There are five different terroirs with Nebbiolo planted within the estate:
- Basarin, with a mixture of clay, limestone and sand, is at about four hundred metres above sea level. This produces the estate's Langhe Nebbiolo, which is basically 'village Barbaresco', as the vines are very young (10-15 years old). It makes for wines that are always very elegant, refined, tannins are silky and softer, nuanced of spices and herbs (eucalyptus).
- Fausoni, on sand and clay, makes wines that are always very elegant - mint, liquorice and little red fruits. This is in the historical part of Neive.
- Currà, on clay and limestone, is one of the smallest cru of the whole appellation, wines are always very intense and powerful, hardbodied and with good tannins. Hints of spices and smoke are characteristics of this area.

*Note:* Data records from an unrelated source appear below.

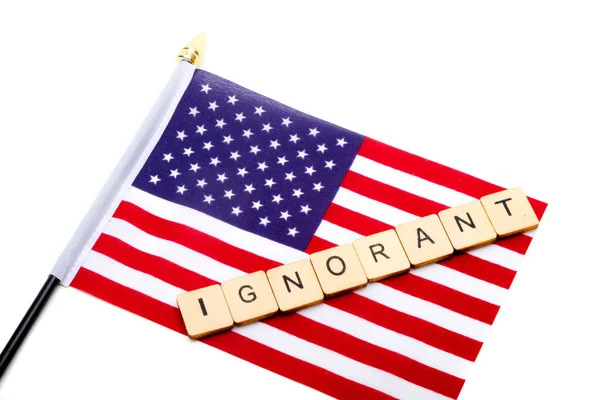 Flag United States Isolated White Background Sign Reading Ignorant — Stock Photo, Image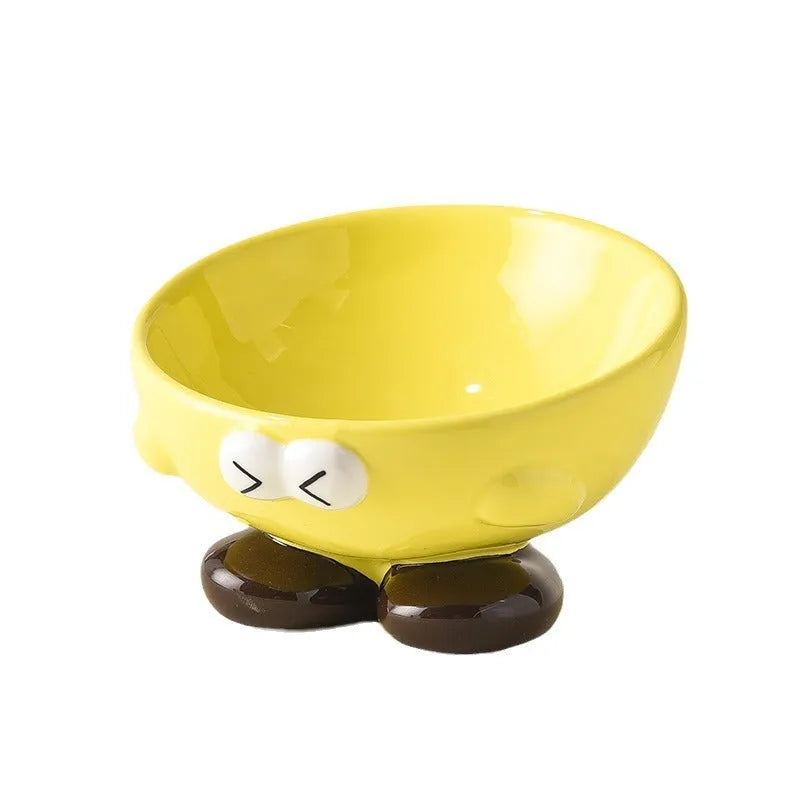Blue oblique tall ceramic bowl for cat or dog food, designed for cervical spine support.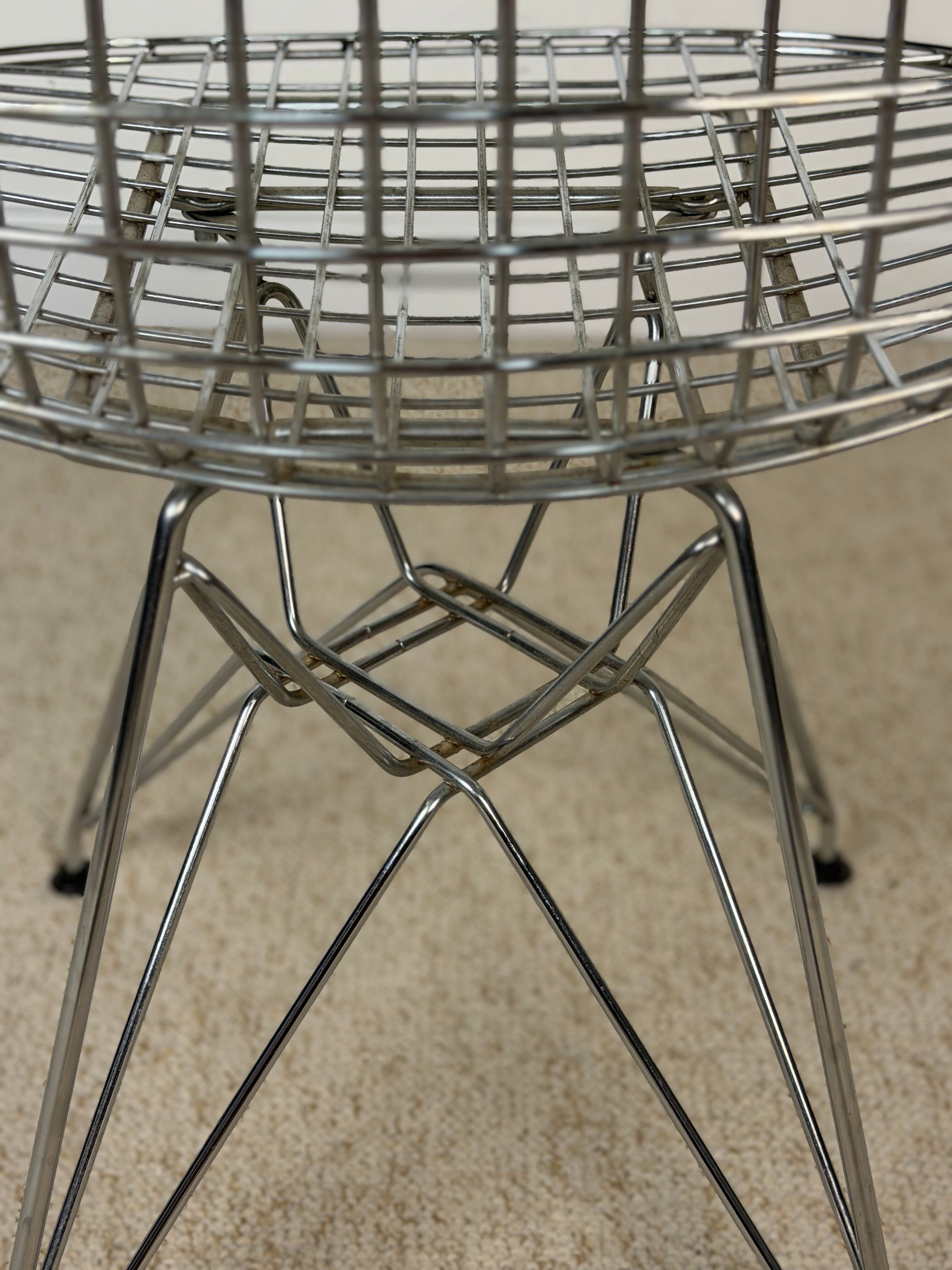 Vintage chrome wire chairs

- Cottà, on limestone with clay,is is one of the oldest cru in Barbaresco, vines are always very old here (fifty years and older) and the colours are just a little bit lighter than other vineyards (because of the clay), but they have a very distinctive nose of dark fruits and mint, a great elegance and mineral tannins.
- Pajore is almost entirely on limestone with just a little clay. This is the highest vineyard of all, at 420 metres above sea level. The vines are very old, and it is always the most mineral and elegant of the four Barbarescos. Limestone brings into the wine a great purity of fruit, a distinctive aroma of spices and tobacco (cigar box) and a very unusual quality of tannins, firm but very mineral.